Aim of the task -> Leaving the pictures aside, repeat every line below exactly.

=== Collected data ===

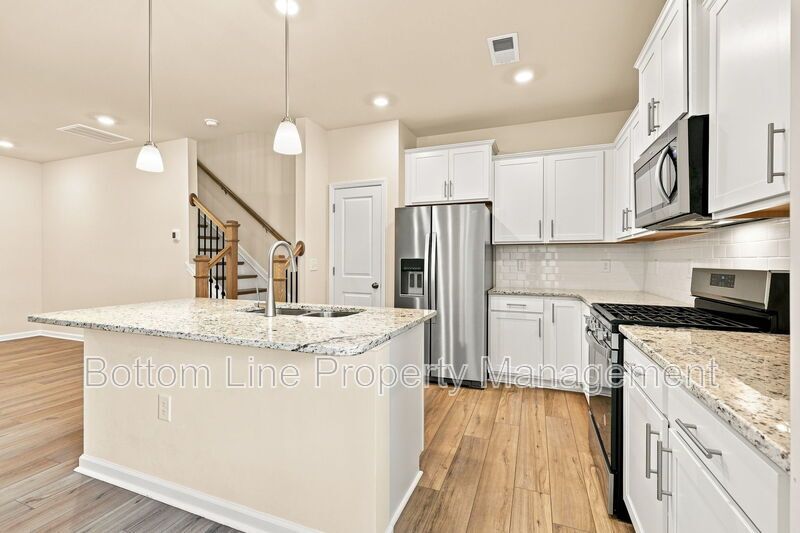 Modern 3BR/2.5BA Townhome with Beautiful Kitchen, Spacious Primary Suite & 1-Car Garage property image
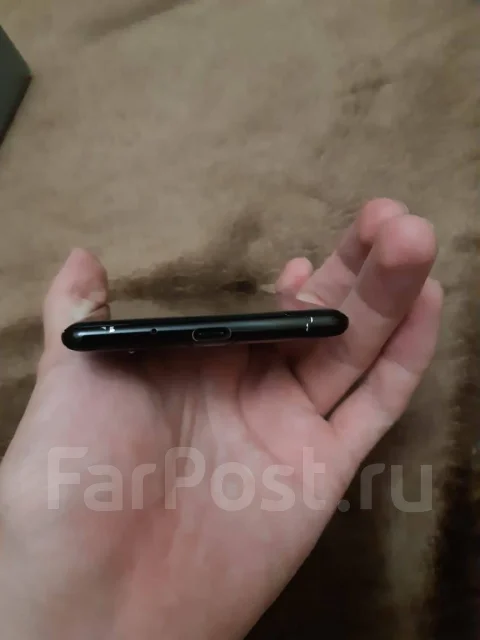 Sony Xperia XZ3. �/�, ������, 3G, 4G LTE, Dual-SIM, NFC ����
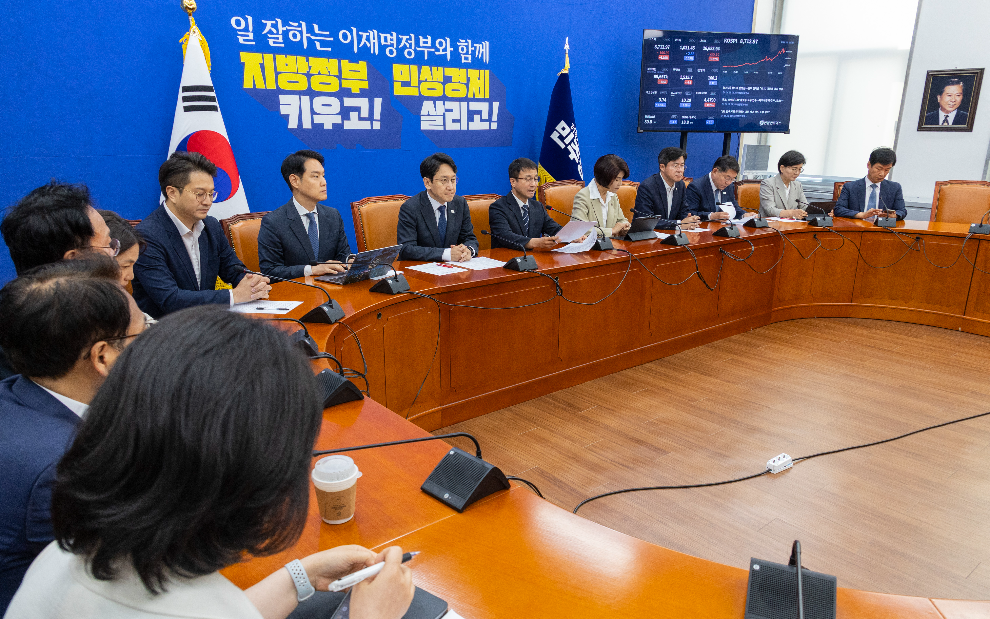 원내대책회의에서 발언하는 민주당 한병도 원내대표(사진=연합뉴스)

===

Task result ->
 Modern 3BR/2.5BA Townhome with Beautiful Kitchen, Spacious Primary Suite & 1-Car Garage property image
 Sony Xperia XZ3. �/�, ������, 3G, 4G LTE, Dual-SIM, NFC ����
 원내대책회의에서 발언하는 민주당 한병도 원내대표(사진=연합뉴스)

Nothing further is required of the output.